Pendant la tenue de l’une des activités du Rassemblement National Démocratique (RND), le secrétaire général de ce dernier est intervenu sur le micro de la chaîne de télévision Echourouk où il a réitéré son opposition au recours à l’endettement extérieur, estimant que c’est une solution à adopter uniquement pour subvenir aux besoin d’un projet rentable. « Si par exemple la société de Sonatrach a besoin d’une enveloppe financière pour couvrir un puits pétrolier en investissant 100 millions de dollars et obtient 1 milliard de dollars, à ce moment là ce n’est pas un problème » explique-t-il. Mais « si c’est pour autre chose, cela ne fait pas partie de notre position » ajoute-t-il.

Concernant les nouvelles mesures d’austérité annoncées pour 2017, le chef de cabinet de la présidence de la République pense que « l’austérité devrait toucher le budget de fonctionnement« .
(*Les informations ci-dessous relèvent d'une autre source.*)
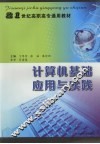 计算机基础应用与实践 封面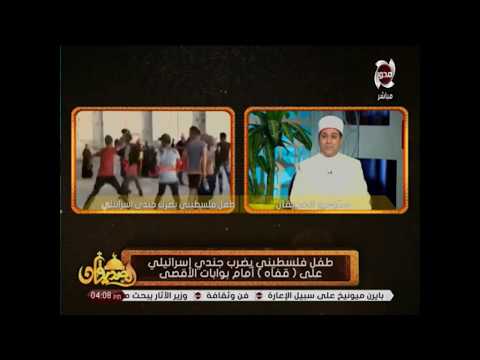 شاهد طفل فلسطيني شجاع يضرب جنديًا إسرائيليًا على القفا
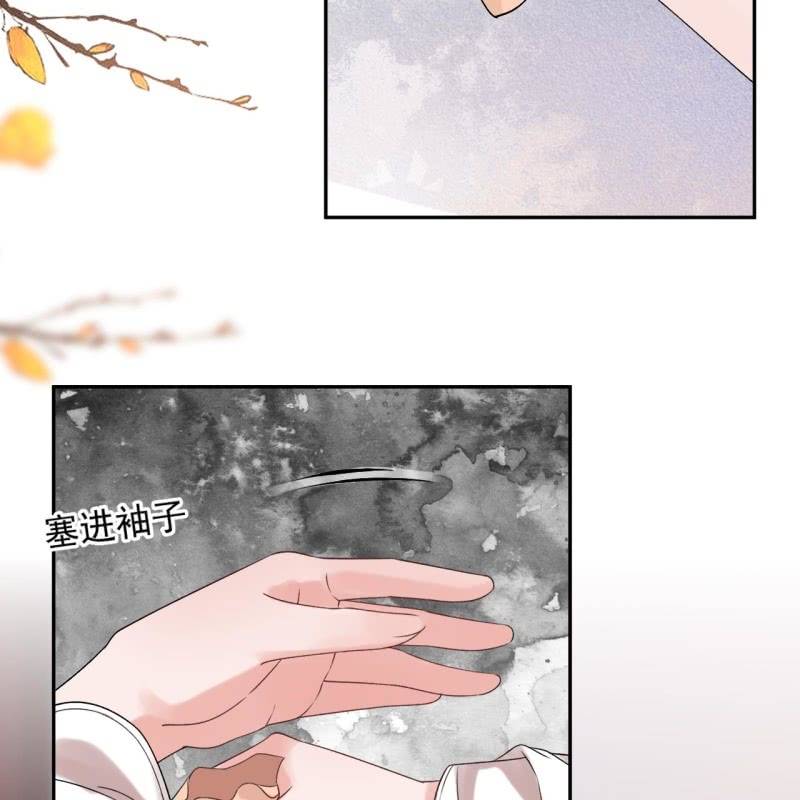 傲娇王爷太难追韩漫全集-第230话 找到证据无删减无遮挡章节图片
Notons que ce n’est pas la première fois que le Gouvernement Sellal a été l’objet de controverse de la part même des personnes appartenant aux cercles du pouvoir. Ahmed Ouyahia, Chakib Khelil et Abdelaziz Belkhadem ont descendu en flamme la politique et la gestion du gouvernement dans leurs sorties médiatiques.

De telles sorties conduisent souvent plusieurs parties de la scène politique algérienne à placer le chef du gouvernement, Abdelmalek Sellal, sur un « siège éjectable ». Rappelons aussi qu’un éventuel remaniement ministériel imminent a été annoncé précédemment.